In 1793, a British navigator gifted six cows and a bull to King Kamehameha on Hawaii Island, also called Big Island. The king protected them and let them run wild and multiply. As they became a 1500-pound invasive species, they rampaged through villages, eating the thatched roofs off homes, trampling crops, injuring people — and no one knew what to do.
In the early 1800s, the king heard about the Mexican vaquero, or cowboy, and invited some to Hawaii. They taught Hawaiians how to handle horses — also new to Hawaii — and how to rope, herd, breed, fence and slaughter cattle. The Hawaiian beef industry was born.

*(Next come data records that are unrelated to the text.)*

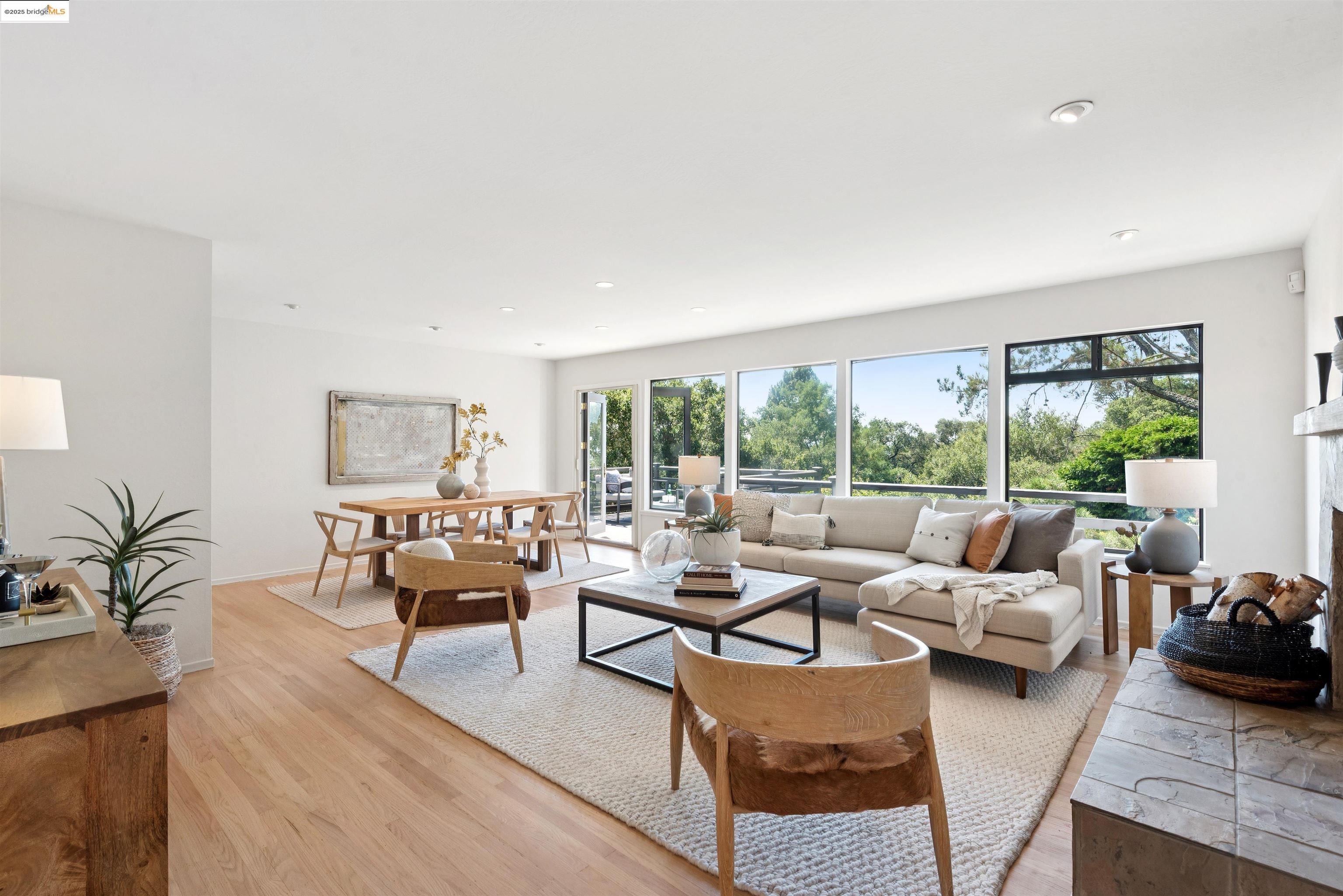 Detail Gallery Image 4 of 37 For 215 Crestmont Dr, Oakland,  CA 94619 - 3 Beds | 2/1 Baths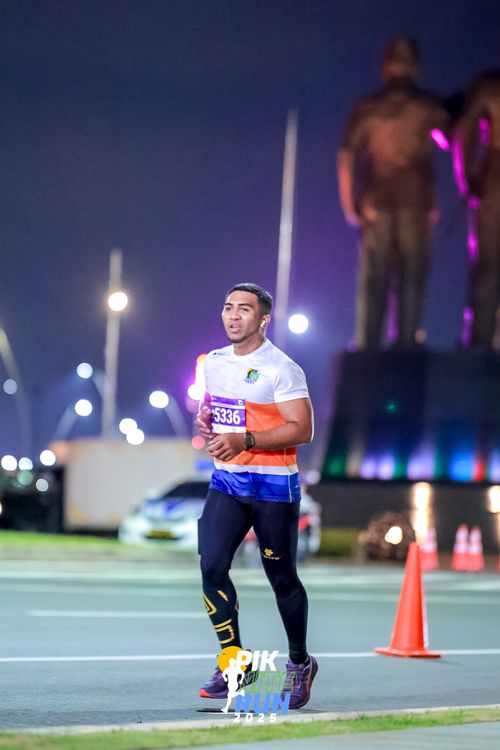 Race photo from PIK NITE RUN 2025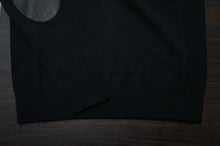 画像をギャラリービューアに読み込む, ELBOW PATCH CREW NECK KNIT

The Hawaiian word for cowboy is “paniolo.” Because the Hawaiian language has no “s,” that’s how they pronounce “español.” I can see Mexican influence at the local rodeo I go to every year in the boots, bits, bridles, spurs and ornate hand-tooled saddles, which derive from early Mexican designs. Many Mexican Hawaiians, descendants of those early paniolo, still are proud ranchers.
Mexicans kept coming in small numbers. Armando Rodriguez and his wife Karina came to stay because Hawaii Island still has room for small family farmers who love to feel their hands in the dirt.
From paniolo ranchers to farmers like the Rodriguez family, Mexicans have contributed to Hawaii’s culture and economy. But now we are plagued by a new invasive species ruining crops and harassing people: ICE! The ICE species doesn’t care — it cannot be corralled or tamed. Eradication is the only alternative, and we’re working on it!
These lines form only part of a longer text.